■ Exercise details
Starting with the line that contains "Лале Pallada/ 1 бр" and stopping after the line that contains "X0000097671008200803211938", copy the entries below exactly. Include nothing else.

-- Task material follows --

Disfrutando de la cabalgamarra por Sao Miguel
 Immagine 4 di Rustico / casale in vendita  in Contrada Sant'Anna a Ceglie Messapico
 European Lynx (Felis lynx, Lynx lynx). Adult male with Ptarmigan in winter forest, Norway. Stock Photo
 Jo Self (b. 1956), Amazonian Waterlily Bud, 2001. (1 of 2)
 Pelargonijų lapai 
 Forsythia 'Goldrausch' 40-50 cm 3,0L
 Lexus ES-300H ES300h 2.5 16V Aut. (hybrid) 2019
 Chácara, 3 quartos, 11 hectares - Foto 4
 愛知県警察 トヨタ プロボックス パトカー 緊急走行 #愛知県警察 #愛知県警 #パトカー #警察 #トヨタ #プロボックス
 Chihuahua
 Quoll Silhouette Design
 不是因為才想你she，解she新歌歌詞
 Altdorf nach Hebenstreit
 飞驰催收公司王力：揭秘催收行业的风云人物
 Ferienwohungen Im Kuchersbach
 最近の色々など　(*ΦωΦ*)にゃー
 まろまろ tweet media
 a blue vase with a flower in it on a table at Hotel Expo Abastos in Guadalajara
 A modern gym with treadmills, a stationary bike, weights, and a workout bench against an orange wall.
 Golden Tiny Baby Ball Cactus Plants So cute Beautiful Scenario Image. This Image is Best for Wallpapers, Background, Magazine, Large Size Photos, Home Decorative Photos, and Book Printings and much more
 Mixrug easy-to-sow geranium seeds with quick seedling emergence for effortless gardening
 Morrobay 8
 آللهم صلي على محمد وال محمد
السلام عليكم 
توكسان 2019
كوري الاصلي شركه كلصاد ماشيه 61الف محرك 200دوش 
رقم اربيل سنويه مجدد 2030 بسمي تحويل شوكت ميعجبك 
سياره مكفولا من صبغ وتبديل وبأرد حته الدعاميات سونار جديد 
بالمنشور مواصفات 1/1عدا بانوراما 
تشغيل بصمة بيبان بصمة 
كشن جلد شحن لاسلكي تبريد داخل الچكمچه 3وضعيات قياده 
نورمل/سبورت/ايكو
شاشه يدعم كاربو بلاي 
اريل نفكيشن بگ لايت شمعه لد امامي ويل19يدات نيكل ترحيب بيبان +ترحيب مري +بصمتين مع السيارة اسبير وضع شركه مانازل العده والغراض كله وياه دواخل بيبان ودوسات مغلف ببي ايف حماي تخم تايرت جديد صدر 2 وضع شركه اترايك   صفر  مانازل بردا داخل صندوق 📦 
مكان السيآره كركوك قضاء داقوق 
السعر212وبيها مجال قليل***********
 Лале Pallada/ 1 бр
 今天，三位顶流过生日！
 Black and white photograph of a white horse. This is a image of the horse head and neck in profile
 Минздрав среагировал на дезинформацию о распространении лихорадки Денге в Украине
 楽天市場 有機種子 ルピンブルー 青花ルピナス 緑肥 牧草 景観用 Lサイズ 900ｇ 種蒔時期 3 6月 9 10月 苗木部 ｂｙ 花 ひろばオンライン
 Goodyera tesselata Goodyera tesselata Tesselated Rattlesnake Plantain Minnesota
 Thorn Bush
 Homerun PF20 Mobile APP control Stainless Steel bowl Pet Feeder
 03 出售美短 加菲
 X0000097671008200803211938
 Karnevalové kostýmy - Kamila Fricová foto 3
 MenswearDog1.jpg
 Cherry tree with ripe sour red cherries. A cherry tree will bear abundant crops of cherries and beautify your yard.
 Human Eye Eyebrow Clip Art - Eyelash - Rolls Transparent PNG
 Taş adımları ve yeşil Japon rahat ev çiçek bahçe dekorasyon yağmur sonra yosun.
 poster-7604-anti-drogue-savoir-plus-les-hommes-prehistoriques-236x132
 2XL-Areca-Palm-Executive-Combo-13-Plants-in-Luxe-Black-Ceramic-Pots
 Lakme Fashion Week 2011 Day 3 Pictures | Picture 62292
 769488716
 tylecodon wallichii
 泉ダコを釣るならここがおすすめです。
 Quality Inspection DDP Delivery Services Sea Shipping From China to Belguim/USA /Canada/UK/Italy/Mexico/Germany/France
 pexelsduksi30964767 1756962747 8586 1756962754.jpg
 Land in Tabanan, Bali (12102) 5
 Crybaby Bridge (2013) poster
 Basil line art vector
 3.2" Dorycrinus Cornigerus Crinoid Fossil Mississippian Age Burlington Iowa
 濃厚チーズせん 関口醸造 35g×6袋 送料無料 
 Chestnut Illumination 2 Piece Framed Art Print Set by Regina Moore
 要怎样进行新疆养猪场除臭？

-- Task material concluded --

■ Exercise solution
 Лале Pallada/ 1 бр
 今天，三位顶流过生日！
 Black and white photograph of a white horse. This is a image of the horse head and neck in profile
 Минздрав среагировал на дезинформацию о распространении лихорадки Денге в Украине
 楽天市場 有機種子 ルピンブルー 青花ルピナス 緑肥 牧草 景観用 Lサイズ 900ｇ 種蒔時期 3 6月 9 10月 苗木部 ｂｙ 花 ひろばオンライン
 Goodyera tesselata Goodyera tesselata Tesselated Rattlesnake Plantain Minnesota
 Thorn Bush
 Homerun PF20 Mobile APP control Stainless Steel bowl Pet Feeder
 03 出售美短 加菲
 X0000097671008200803211938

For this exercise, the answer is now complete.